Friday, May 23, 2008

HDFC Bank agrees to buy Centurion Bank

HDFC Bank, India's third-biggest lender by market capitalisation, agreed on Saturday to buy Centurion Bank of Punjab in an all-share deal in the nation's biggest financial sector buyout.

The boards of the two banks will meet on Feb 25 to consider the share swap ratio and again on Feb 28 to finalise the details of the merger, a joint statement from the lenders said. The two first announced plans for the merger late on Friday.
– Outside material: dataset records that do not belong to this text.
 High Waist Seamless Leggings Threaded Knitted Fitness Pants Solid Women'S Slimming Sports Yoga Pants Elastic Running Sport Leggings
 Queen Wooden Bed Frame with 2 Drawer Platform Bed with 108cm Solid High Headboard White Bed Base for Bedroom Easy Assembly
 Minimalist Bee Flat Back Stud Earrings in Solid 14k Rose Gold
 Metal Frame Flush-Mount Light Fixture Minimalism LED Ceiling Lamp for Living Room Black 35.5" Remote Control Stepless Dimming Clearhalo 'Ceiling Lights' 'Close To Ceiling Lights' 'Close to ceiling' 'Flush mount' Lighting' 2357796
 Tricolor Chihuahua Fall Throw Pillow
"The two Boards have resolved to pursue the merger subject to satisfactory due diligence, a fair share-swap ratio and all the requisite statutory, regulatory and corporate approvals," the statement said. It did not give a value for the deal.

According to Times News Network the deal may value Centurion's shares at 57 rupees each, or roughly the price at which they closed on Thursday after jumping 14 percent on the day as speculation of a deal intensified.
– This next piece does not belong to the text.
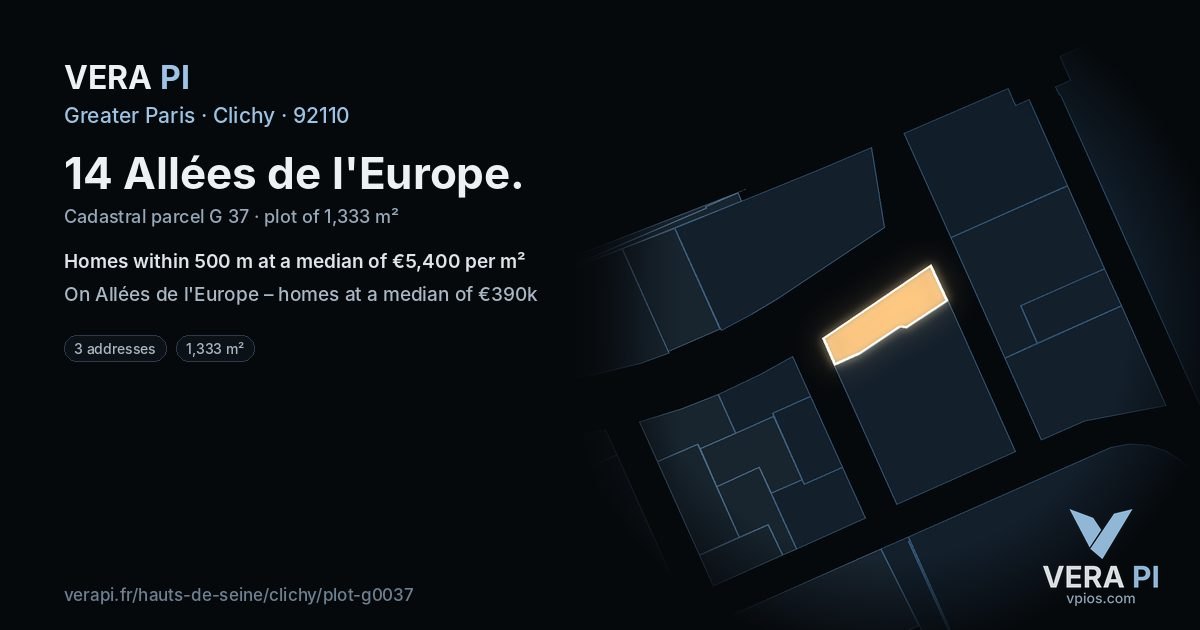 14 Allées de l'Europe, Clichy at night – the plot lit, the parcels around coloured by the prices near them
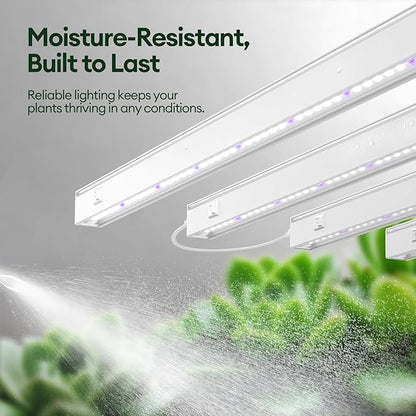 Plant Grow Lights 1FT, Blue-Rich Full Spectrum 5000K, 28W(4 x 7W), T5 LED Grow Light Strips for Indoor Plants and Succulents, High PPFD, Linkable, White, 4-Pack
Ernst & Young and Dalal & Shah have been appointed to determine the share swap ratio, HDFC Bank said in a statement to the stock exchange. The merger will create a bank with 1,148 branches, surpassing second largest lender ICICI Bank's 955 branches.

Centurion had 394 branches and HDFC Bank 754 branches as on Dec. 31 2007, the statement said. However, the merged entity's total advances of about 870 billion rupees ($21.7 billion) are far lower than ICICI's 2.2 trillion rupees. The merger will allow HDFC Bank to extend its reach in the country before a central bank review next year that may allow foreign banks such as Citigroup and Standard Chartered to buy Indian lenders.

Indian banks, led by State Bank of India and ICICI, the top two by market value, are raising funds to expand ahead of the review and to meet the demands from an economy that has grown at an average of 8.6 percent over the last four years.

State Bank is raising $4.2 billion in a rights share issue, HDFC Bank plans to sell bonds worth up to $1 billion and ICICI sold $5 billion of shares in June, eyeing rapid growth in the fragmented Indian banking sector. HDFC Bank and Centurion, which got banking licenses in the mid-1990s, are among the few to have acquired local rivals. HDFC Bank bought Times Bank from media publisher Bennett Coleman & Co in 2000.

While Centurion, which was rescued by buyout firm Sabre Capital in 2003 after major losses, has bought Bank of Punjab and Lord Krishna Bank. Bank Muscat owns 14.02 percent and Sabre Capital 3.74 percent of Centurion as on Dec. 31, stock exchange data showed.

Centurion Bank shares, which ended one percent down on Friday valuing the bank at 105 billion rupees, have risen 13 percent since Feb. 20. HDFC Bank shares have lost 4 percent in the same period.